EXERCISE GOAL ▸ Output the whole listing exactly, except for the pictures in it.
** DATA SUPPLIED follows **
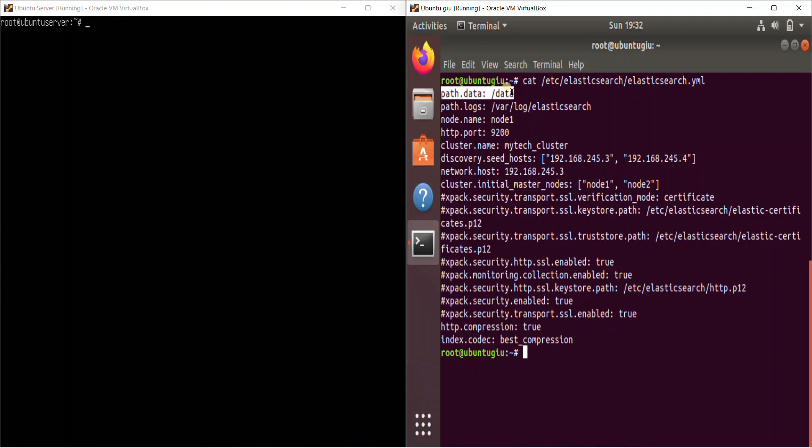The next thing is all of xpack security things, which are related to SSL. That is your secured HTTP layer. So we'll come to that in a bit.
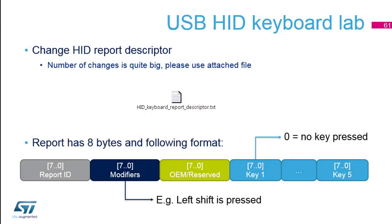The HID descriptors I already changed for you. The report now for a key press would be this one. It would be eight bytes to report. We've got the report ID, a modifier to know if you press shift or control, one reserved byte, and then key 1, key 2, up to key 5 that could be pressed at the same time.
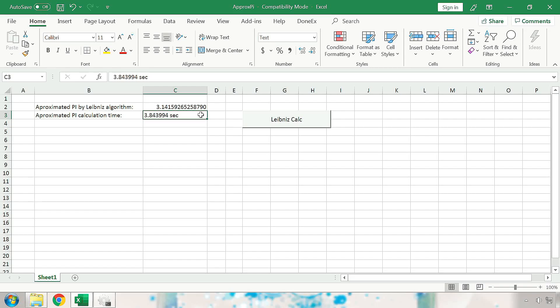Now you should be able to test how the VBA compiler works with your VBA code. You can do this by downloading the free trial version of the Donex VBA compiler. Thank you for watching this tutorial on the VBA compiler.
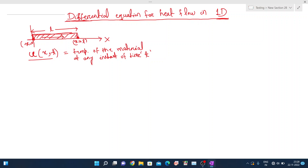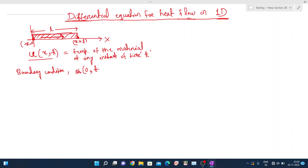We will set the temperature to 0 at both endpoints. Now we are going to set up the heat flow equation, the differential equation, and then apply the boundary condition. The boundary condition is: u at x equals 0 at time t is equal to u at position L at time t, which equals 0.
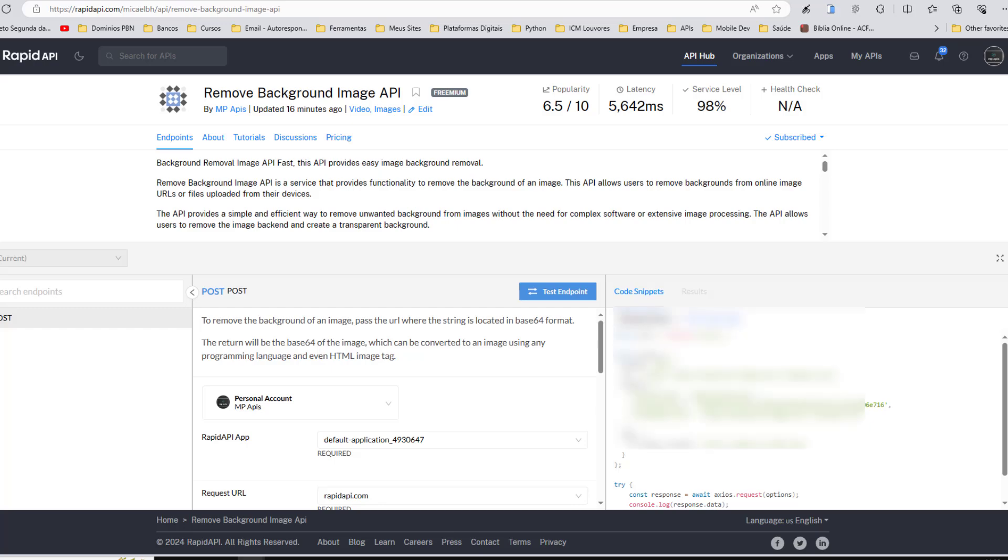Hello. If you search for Remove BG API, Remove Background API Key, or something similar, this video will help you. We present to you our API to remove background from images easily.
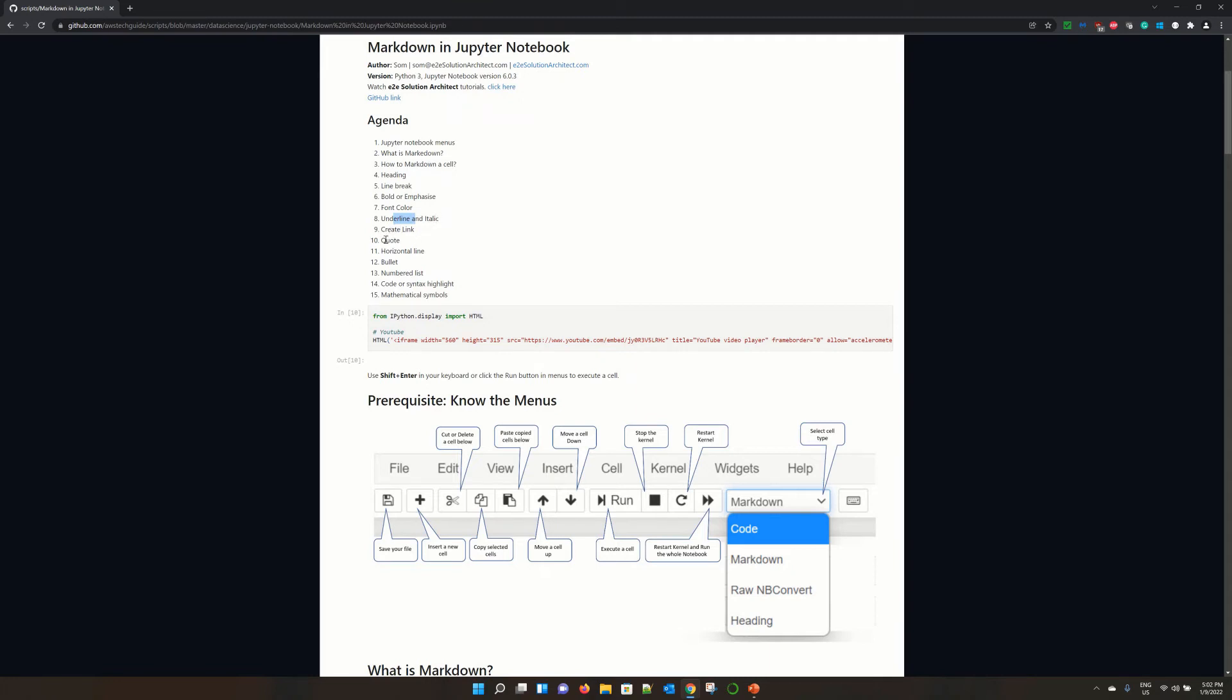Also, how to create a link, how to make a code, horizontal line, bullet, number list, and most specifically, these two pointers where I will show you how to create code or syntax highlight.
** End of DATA SUPPLIED **
RESPONSE ▸
The next thing is all of xpack security things, which are related to SSL. That is your secured HTTP layer. So we'll come to that in a bit.
The HID descriptors I already changed for you. The report now for a key press would be this one. It would be eight bytes to report. We've got the report ID, a modifier to know if you press shift or control, one reserved byte, and then key 1, key 2, up to key 5 that could be pressed at the same time.
Now you should be able to test how the VBA compiler works with your VBA code. You can do this by downloading the free trial version of the Donex VBA compiler. Thank you for watching this tutorial on the VBA compiler.
We will set the temperature to 0 at both endpoints. Now we are going to set up the heat flow equation, the differential equation, and then apply the boundary condition. The boundary condition is: u at x equals 0 at time t is equal to u at position L at time t, which equals 0.
Hello. If you search for Remove BG API, Remove Background API Key, or something similar, this video will help you. We present to you our API to remove background from images easily.
Also, how to create a link, how to make a code, horizontal line, bullet, number list, and most specifically, these two pointers where I will show you how to create code or syntax highlight.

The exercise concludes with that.